I love the color green. Maybe it is all those walks in the woods my dad took us on when I was little. Maybe it was spending so much time on the coast as a child, the live oaks and salt marshes stretching away in all directions. However it started, green is now peacefully neutral to me; it rests easy on my soul when I'm surrounded by it. In all the years that I lived in rental properties with cream or white walls, I kept acquiring more green items so that the house could feel alive and woodsy. Here in this new house, however, I wanted some color on the walls themselves. Thankfully, Brian agreed. But how many shades of green can one room hold?
The lovely thing about green is that mixing greens gives a forest effect. A mixture is actually good.
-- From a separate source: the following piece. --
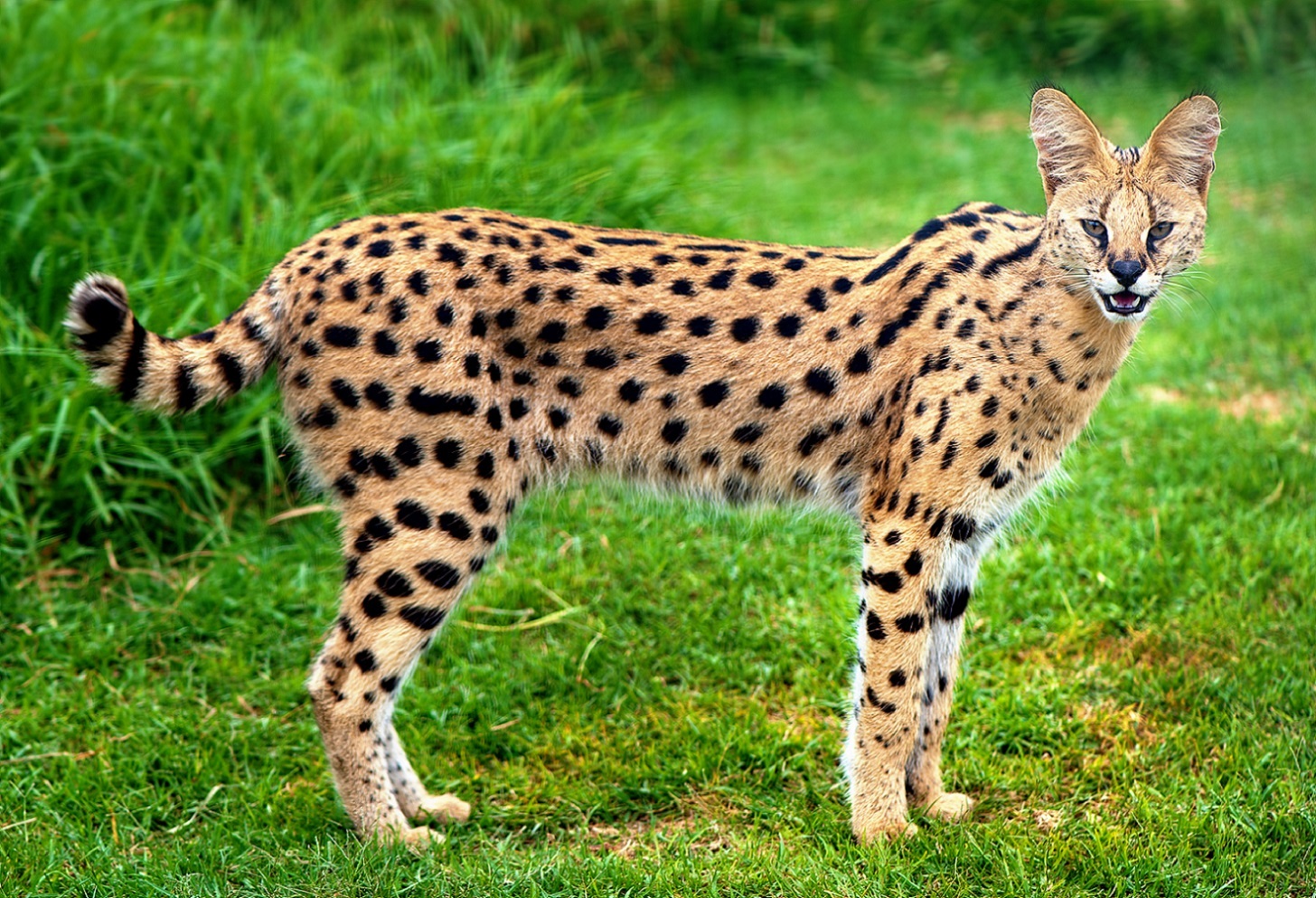 Serval - Serval, Predator, Cat family, Animals, Longpost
At the same time, though, the effect should be purposeful rather than haphazard. To achieve this, I knew I needed artwork of many shades and it needed to be large enough in scale to carry a room with a high ceiling. I would love to do a quilt to hang on the wall above our sofa, but since I don't actually know how to quilt, that isn't in the cards anytime soon. Then I found some great vintage embroidery hoops at an antique store...
I found a few old shirts at Goodwill with nice fabric and the rest came
from the cotton quilting sections of a couple of fabric stores around town.
I stretched the fabric into each hoop, trimmed away the excess, and then hung it using straight pin. Since the room is already home to a large grapevine circle over the fireplace as well as a wrought iron tree in a circle on the opposite wall, I wanted the pattern of circles to feel organic rather than geometric. Or was that just an excuse. At any rate, I just winged it rather than measuring. And instead of making a block pattern, I had the circles ascend vine-style.
I had to do some restretching of fabrics and also made a run to the craft store for some tiny hoops to go with the larger vintage ones. For a day or two I kept walking by only to stop and swap one circle with another. Now I'm really happy with it. Although we still don't have the large area rug we need, the room feels pulled together. And woodsy.